In this month’s column, we discuss how to apply data analytics to ‘data at rest’ in storage systems and the buzz around content-centric storage.
For the past few months, we have been discussing information retrieval and natural language processing (NLP) as well as the algorithms associated with them. In this month’s column, let’s focus on a related topic—how data analytic techniques are getting applied to the data at rest in storage systems.

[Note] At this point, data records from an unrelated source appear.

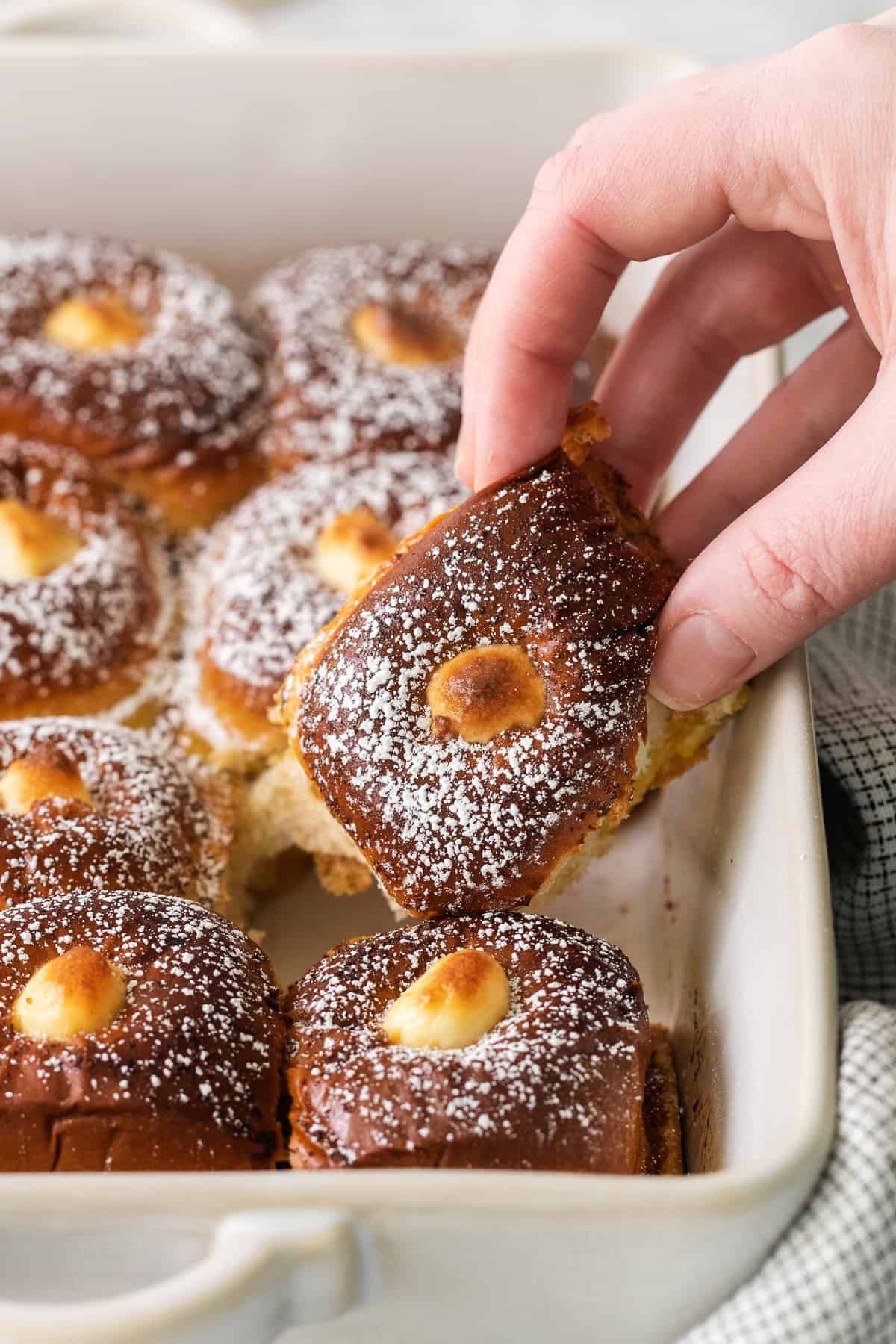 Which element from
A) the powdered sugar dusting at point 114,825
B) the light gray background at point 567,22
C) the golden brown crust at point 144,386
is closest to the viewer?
the powdered sugar dusting at point 114,825

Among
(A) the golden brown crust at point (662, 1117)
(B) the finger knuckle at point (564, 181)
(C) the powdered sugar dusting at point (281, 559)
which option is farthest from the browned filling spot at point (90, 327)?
(A) the golden brown crust at point (662, 1117)

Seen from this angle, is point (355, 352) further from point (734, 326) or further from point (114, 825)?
point (114, 825)

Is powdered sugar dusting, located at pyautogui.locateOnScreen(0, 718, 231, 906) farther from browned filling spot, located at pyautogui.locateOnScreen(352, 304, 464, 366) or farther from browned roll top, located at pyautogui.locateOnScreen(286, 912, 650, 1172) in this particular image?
browned filling spot, located at pyautogui.locateOnScreen(352, 304, 464, 366)

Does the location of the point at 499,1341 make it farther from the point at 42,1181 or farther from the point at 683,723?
the point at 683,723

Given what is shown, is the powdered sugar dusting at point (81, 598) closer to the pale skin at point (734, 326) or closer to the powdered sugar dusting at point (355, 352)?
the powdered sugar dusting at point (355, 352)

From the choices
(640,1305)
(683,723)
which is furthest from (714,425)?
(640,1305)

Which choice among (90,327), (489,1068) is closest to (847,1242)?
(489,1068) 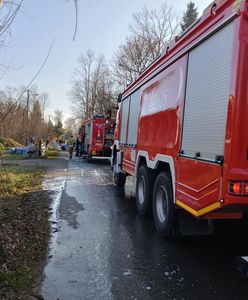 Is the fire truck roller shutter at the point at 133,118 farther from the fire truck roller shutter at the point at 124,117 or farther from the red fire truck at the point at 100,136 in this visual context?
the red fire truck at the point at 100,136

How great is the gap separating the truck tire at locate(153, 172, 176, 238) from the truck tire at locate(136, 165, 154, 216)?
0.71m

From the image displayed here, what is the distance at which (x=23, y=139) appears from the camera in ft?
161

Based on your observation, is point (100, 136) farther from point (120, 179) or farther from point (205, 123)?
point (205, 123)

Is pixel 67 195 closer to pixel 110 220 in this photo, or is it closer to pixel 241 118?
pixel 110 220

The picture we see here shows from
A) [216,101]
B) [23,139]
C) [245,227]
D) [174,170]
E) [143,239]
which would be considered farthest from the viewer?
[23,139]

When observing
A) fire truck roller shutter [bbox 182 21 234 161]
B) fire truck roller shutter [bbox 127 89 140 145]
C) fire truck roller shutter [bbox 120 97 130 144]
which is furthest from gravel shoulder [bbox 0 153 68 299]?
fire truck roller shutter [bbox 120 97 130 144]

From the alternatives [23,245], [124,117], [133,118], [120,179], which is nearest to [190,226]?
[23,245]

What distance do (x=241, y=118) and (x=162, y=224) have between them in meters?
3.05

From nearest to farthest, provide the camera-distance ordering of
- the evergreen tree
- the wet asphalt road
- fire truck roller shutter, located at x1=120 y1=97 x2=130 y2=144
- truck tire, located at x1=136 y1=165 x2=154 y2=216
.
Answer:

Given the buzz around Big Data, there has been considerable interest in mining large volumes of data to obtain actionable insights. Like the case of a beggar sitting on a gold mine and not knowing about it, many organisations have a wealth of data residing in data centres and storage archives. And in most cases, those within the organisations remain unaware of the ‘information content’ of the data they have available. Gartner calls this dark data— the huge amounts of data that firms collect as a by-product of their normal business activities, but for which they have not found any other use. A typical example is the data centre system logs or the email archives in the internal mailing lists of an organisation. This is in contrast to light data which is typically actionable data generated specifically through a data analysis process for follow-up action by the organisation. A typical example of light data could be the monthly sales report or the software bug trend report generated specifically for consumption by organisational processes. Dark data is typically unstructured content and comes from multiple sources, both within the organisation and outside. It includes emails, process documents, videos, images, social network chats, tweets, etc. Light data is typically structured
You may wonder what’s the big deal about whether an organisation has (or does not have) huge amounts of dark data. It can either choose to keep the data archived for future needs or throw it away if it doesn’t need it. Well, the choice is not as simple as that. If the organisation chooses to archive the data to later analyse what the dark data contains, it needs to pay to keep the huge amounts of data archived, even if there is no immediate use or value for it. Given the rate at which data is generated in modern organisations, such an option is simply not cost-effective. Hence, tools and processes need to be in place for analysing dark data and identifying whether it needs to be retained or disposed in a secure fashion. Data retention may be needed from the legal compliance perspective or for mining long term history for trends/insights. On the other hand, data also needs to be cleansed of personal identification information so that sensitive data about individuals does not get exposed inadvertently in case of data leakage or theft.
Dark data analysis involves multiple levels of scrutiny, starting from identifying the contents or what kind of data is hidden in archives, to the more complex issue of mining the data for relevant actionable insights and identifying non-obvious relationships hidden in the data. Each level of analysis may need different sets of tools. Given that dark data comes from multiple disparate sources both within and outside the enterprise, it needs to be cleansed and formatted before any data mining or analytics can be applied on it. About 90 per cent of any data analysis task comprises cleaning up the data and getting it into a state that can be used in analytic pipelines.
Data wrangling and curating data at rest are key value added services that should be delivered on storage systems. Data curation also includes the following transformations: verifying the data (to ascertain its composition), cleaning incoming data (e.g., 99999 is not a legal ZIP code), transforming the data (e.g., from the European date format to the US date format), integrating it with other data sources of interest (into a composite whole) and de-duplicating the resulting composite data set.